Make sure everyone in your family, as well as your two key contacts, know how to use text messaging. During emergencies, these messages may often get through even when phone calls don't. Always keep your communications devices (cellphone, laptop, iPad) fully charged.

Evacuation plan: 
In case you are asked to evacuate your home, or neighbourhood, select two safe locations you could go to. One should be nearby like a local library or community centre. The other one should be farther away, outside your neighbourhood, in case the emergency affects a large area.

Plan how you would travel to the safe locations and if you have pets think of someone who could take them if you have to leave your home. Often, only service animals are allowed at reception centres. 
Evacuation route: 
Make sure everyone in your family knows how to safely exit your home by a main exit and an alternate one like the garage or backdoor. If you have mobility issues or a disability, talk to your building manager or neighbours to make special arrangements. 
Diverse Groups: 
No two households are the same. When you are building your family emergency plan, be mindful of everyone in your household. Evaluating the needs of diverse groups like seniors, people with disabilities, children and pets can help you better prepare for any situation. Visit the Ministry of Ontario's website for information and resources on how to build an inclusive family emergency plan.

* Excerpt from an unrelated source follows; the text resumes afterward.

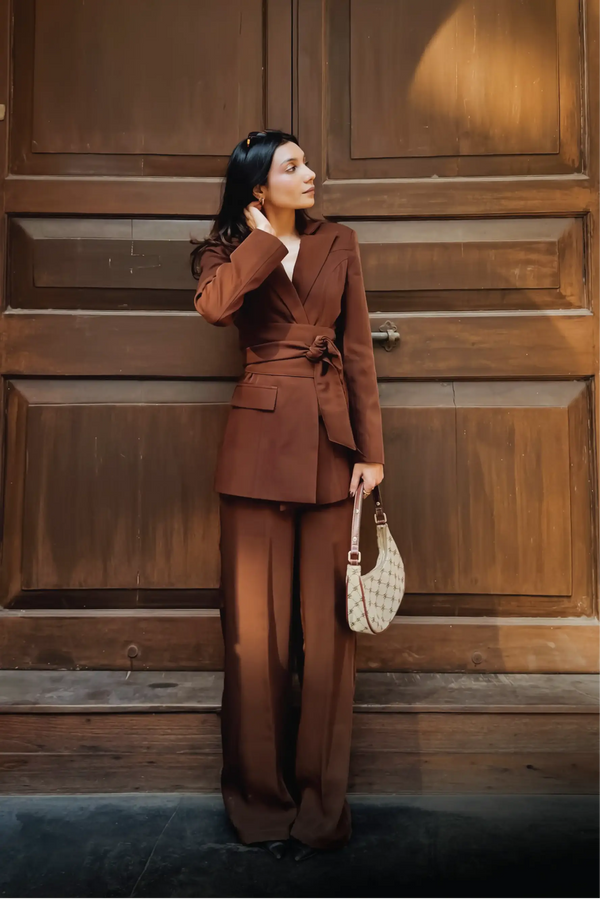 HALEY Blazer and Pants Co-ord - SET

Review safety in your home:

 Emergency numbers
Keep a list of emergency numbers and make sure all members of your family know where it is. Teach children when and how to dial 9-1-1 and other key contacts they may need to call. Here are some numbers you should consider having on the list:
  • 9-1-1
  • Police 
  • Fire
  • Family doctor
  • Telehealth
  • Poison control
  • Family and friends who can lend support in a crisis
  • Insurance contact
  • Utility companies
Consider fire and other safety needs
Follow general household safety rules for smoke alarms, carbon monoxide detectors and fire extinguishers. More information on how many to have, where to place them, how often to check and replace them can be obtained from your local fire department.
Review utility shut-off procedures
Every adult in your family, as well as older children, should know how to turn off main utilities--water, electricity, and gas. In certain emergencies, authorities will ask you to turn these off for safety reasons. Write out instructions and post them somewhere visible. Everyone should also know where the floor drain is located in case there is a flood and make sure it's not clogged.
Copies of important documents
Make copies of important documents including: insurance, main identification documents like a driver's license and passport, birth and marriage certificates, and wills. Keep your plan and these documents in a safe place. Consider sharing copies with out-of-town family members or keep a set in a safety deposit box.